My Vampire Can Beat Up Your Vampire
When Vampires were Elegant & Literate
Twilight. True Blood. Wuthering Bites. Blue Bloods. Vampire Vacation. Vampire Diaries. There are endless entertainment options today that include vampires, werewolves, and a myriad of self-professed cursed humans. Enough, frankly, to make you want to bite yourself just to end it all!
We have all heard the tales and folklore, and some have researched historic facts and figures to unearth cretins who were clearly evil, mad, or both...people like Vlad the Impaler and the imfamous Jack the Ripper. These days, even seemingly innocent bystanders like Elizabeth Bennet and Abraham Lincoln are being dragged into the hatchet-wielding undead creature crusade.
Overall, we are being fed a plethora of pathetic, glimmering, ab-obsessed wanna-bees parading around novels and movies like they own the place. In some ways, they do. Money and merchandising rule the road to our kids’ minds these days. Even the newest Johnny Depp/Tim Burton version of a beloved (albeit quirky) gothic soap of the 60’s, was sexed-up and distributed as a farcical mess. It could have been an elegantly fun series of films, but it was insipidly stupid in many ways, and will simply fade into the crypt of crappy creature fodder we see so much of these days. (This is all to my chagrin, by the way, since I am a confirmed Dark Shadows follower from the beginning and looked forward with much anticipation to the film.

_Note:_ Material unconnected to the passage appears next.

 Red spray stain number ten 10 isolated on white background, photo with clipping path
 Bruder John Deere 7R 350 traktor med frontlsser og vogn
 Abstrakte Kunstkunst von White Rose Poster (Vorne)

I still hope it hits me differently when I see it again – I do so want to love it!)
Take the Twilight series, for instance. And by “take it” I really do mean away FOREVER. Vampires and Werewolves of old (in classic films like “Dracula” and “The Wolfman”) were shown as what they were – undead beings or cursed souls tormented – or tormenting – depending on their affliction. They made people do things out of fear or because they put them in a trance. The idea of good vs. evil was made very clear. There was no question that Dr. Jekyll was inherently good, but that Mr. Hyde was a terror. When inviting guests to dinner, Dracula could be charming, but he was never considered “cute” or “adorable” or a “hottie.”
The difference today is that vampire-genre novels and film characters are totally self-absorbed, break all the rules of courtesy and etiquette, and care more about their personal happiness than doing the right thing. Not to mention the tween-connection that I consider "marketing sleeze to children." Little girls admiring "Bella," who has NO ambition, NO ability to smile, NO sense of family (her father adores her), and NO desire to become anything other than dead – FOR A DEAD GUY! What year is this? Women - don't you consider this a set-back to our children? I know I do.
Vampires and werewolves are not, and should not be, role models for our kids! Once they became sparkly and “pretty” and stayed out in the daylight, they were presented as equal to a living, breathing, human being. Except they aren’t because they kill and take off their shirts all the time and act like selfish prigs instead of the adults you wish they would become.
Nobody’s really listening to me, I know. I can rant on Twilight’s banal writing and screenplay, or on Hollywood’s monetary focus over social sensibilities and our responsibilities to our kids.
For example, here are some quotes from two 20th/21st Century vampires - Edward Cullen and Barnabas Collins (from the television series, not the 2012 movie). Judge for yourself...
"It's healthy to ditch class now and then." - Edward from Twilight.
"I'm just going to do what I want now, and let the chips fall where they may." - Edward again.
"For most men, time moves slowly, oh so slowly, they don't even realize it. But time has revealed itself to me in a very special way. Time is a rushing, howling wind that rages past me, withering me in a single, relentless blast, and then continues on. I've been sitting here passively, submissive to its rage, watching its work. Listen! Time, howling, withering!" - Barnabas Collins.
Oh, how I long to see another Bela Lugosi-style Dracula again (the Van Helsing movies came very close). Note to Hollywood: Keep those kind going. Please, though, for the sake of all of us, cover the werewolf abdominals when they are human and get rid of the stupid glitter. Let our ghouls be true men and not some Barbie-style dollboys. Give our horror movies pride again – by making them serious and with excellent dialog (not the continuous “Dude…what the F***!). C’mon…we can do better than this, can’t we?